The phosphotyrosine signaling pathway was long thought to be a metazoan innovation. This is because the pathway was once observed to be restricted to metazoans and was devoted to communication roles in processes crucial to the metazoan way of life – immune response, hormonal control, embryogenesis, etc. But ever since the genome of a single-celled choanoflagellate was sequenced, we now know this pathway was not a metazoan innovation – it predated the appearance of metazoans. It thus represents a perfect candidate for exploring evolution as a front-loaded phenomenon. So far, we on are pretty solid ground.
If you’re willing, allow me to stretch your thinking a bit.
Now let me turn your attention to something scientists have noticed with all this genomic information in hand:
The tyrosine kinase signaling networks of choanoflagellates and metazoans are very distinct, with only a few genes clearly orthologous between the two systems. Yet, both systems seem to have come up with similar or identical mechanisms and architectures. This apparent convergent evolution hints at global constraints within the phosphotyrosine signaling networks.
The author then lists a sample of such convergence:
Same solution, different mechanism.
And both metazoans and Monosiga have independently developed kinase proteins with dual catalytic domains, one of which is inactive.
This suggests that choanoflagellates have found new ways to wire the phosphotyrosine signaling circuitry, but that the overall themes are still similar.
Okay, so it seems we have yet another example of convergent evolution, a phenomenon that adds yet more support to the plausibility of front-loading. But we may have something even more significant here.
How do we conventionally define and explain convergent evolution? Well, we can’t get more mainstream than PBS’s site on evolution, so let’s let them explain it:
This illustration shows an example of convergent evolution in four different animals from around the globe. They may look similar, but it’s not because they’re close relatives. Instead, they’ve evolved similar adaptations because they occupy similar niches — dining on ants, hunting in the high grass, or swimming in the dark — although their evolutionary origins are quite different.
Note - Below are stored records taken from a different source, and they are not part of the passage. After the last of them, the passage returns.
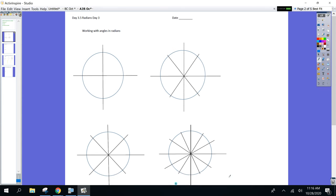All right, first thing. Yesterday I gave you a couple quadrantal angles and what they were equal to in radians. I'm going to give you a couple more angles today so that by the time you leave class, you're going to know all these by heart. So a quick review of the ones we went over yesterday.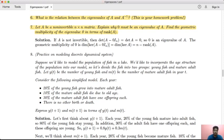For a non-invertible matrix, 0 is an eigenvalue. This is because det(A − 0·I) = det(A) = 0, confirming 0 is an eigenvalue. The geometric multiplicity of 0 is the dimension of the kernel of A.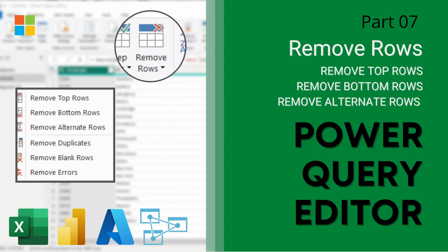Hey guys, welcome to this video in our Power Query Editor series over at Data with Dominic. Today we're going to be looking at how to use the remove rows functionality in the Power Query Editor. So let's dive right into the demo.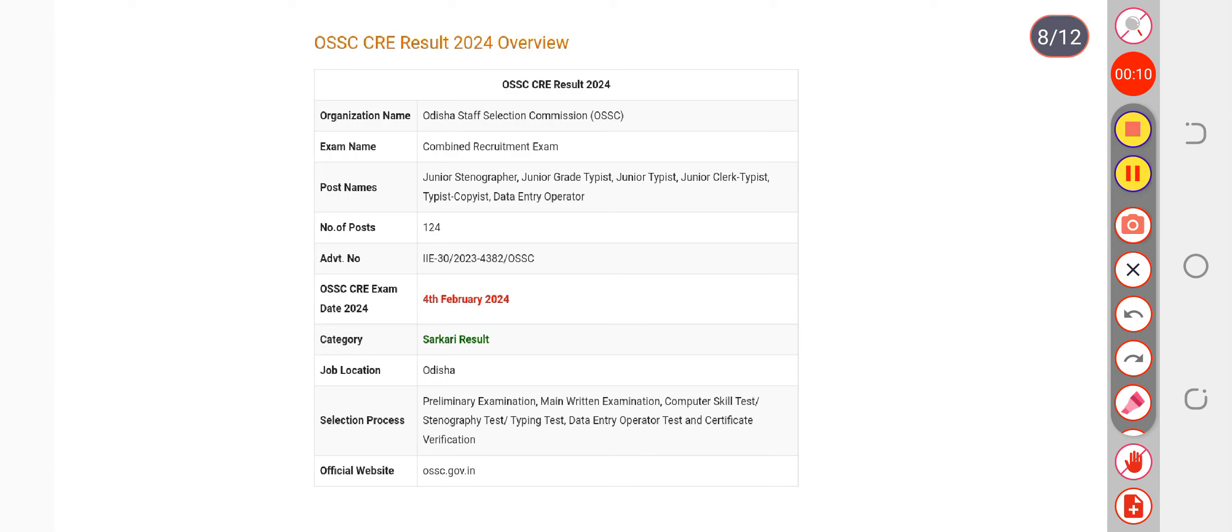They are going to complete it, after that they will prepare your list and release it for the main written examination. Most probably your result is going to be released by mid-March.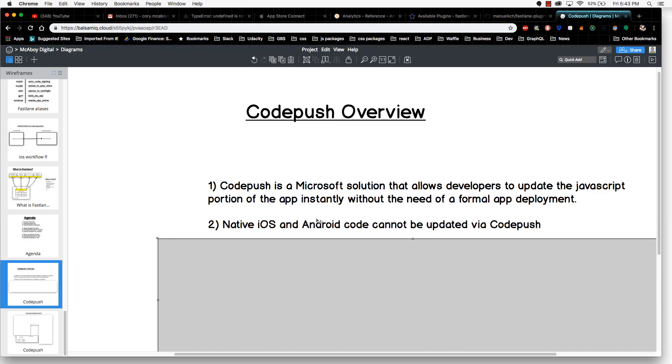The second point: native iOS and Android code cannot be updated via CodePush. When you build your apps, you have JavaScript code and you have native code. CodePush is only for the JavaScript portion of the app. It does not deal with updating any of the native pieces of your code.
A niche is defined as “The ecological role of a species; the set of resources it consumes and habitats it occupies.”
PBS also adds:
This is a dramatic example of convergent evolution, when organisms that aren’t closely related evolve similar traits as they both adapt to similar environments. There are a finite number of effective solutions to some challenges, and some of them emerge independently again and again.
Yep, that is the mainstream explanation. And notice that it is the environment that is supposed to be responsible for crafting the similar traits. Similar niche – similar trait. Similar environment – similar trait.
So here’s the problem. There is no compelling evidence that the lineage that led to complex, metazoan life forms (including humans) and the lineage that led to the single-celled Monosiga independently experienced significantly similar niches or were exposed to similar environments. On the contrary, one might reasonably think that metazoan life, by definition, opened up a whole new world of niches and environments that cannot be experienced from a unicellular context.
Yet the convergence apparently occurred. Ready for the mind-stretch?
If both metazoans and Monosiga have independently come up with similar or identical mechanisms and architectures in the tyrosine kinase circuits, it would seem we might trace this to an intrinsic, rather than environmental, cause. That is, there was some kind of inherent molecular inertia built into the basic design plan of the TK circuit to cause it to evolve similarly in different creatures experiencing different niches.
The emergent complexity of this circuitry inside the choanoflagellate remains mysterious, as it is not clear why such a simple life form needs it. I would hypothesize that while these protozoans exist as single-celled organisms, they also exist, in nature, as a community that communicates and coordinates. But as long as they remained single-celled, the full functional potential of the system could not be exploited.
But when we turn to metazoa, as the circuitry unfolded because of the molecular inertia, a ready-made communication system was there “in waiting” to facilitate the rapid emergence and spread of metazoan life.
If the two systems are indeed convergent, and if they became so similar for intrinsic, rather than niche-related reasons, we would have an excellent example where two expectations of front-loading, intrinsic control and deep homology, fuse. And this wold lead us to ask just how many examples of convergence are due to intrinsic, rather than environmental reasons?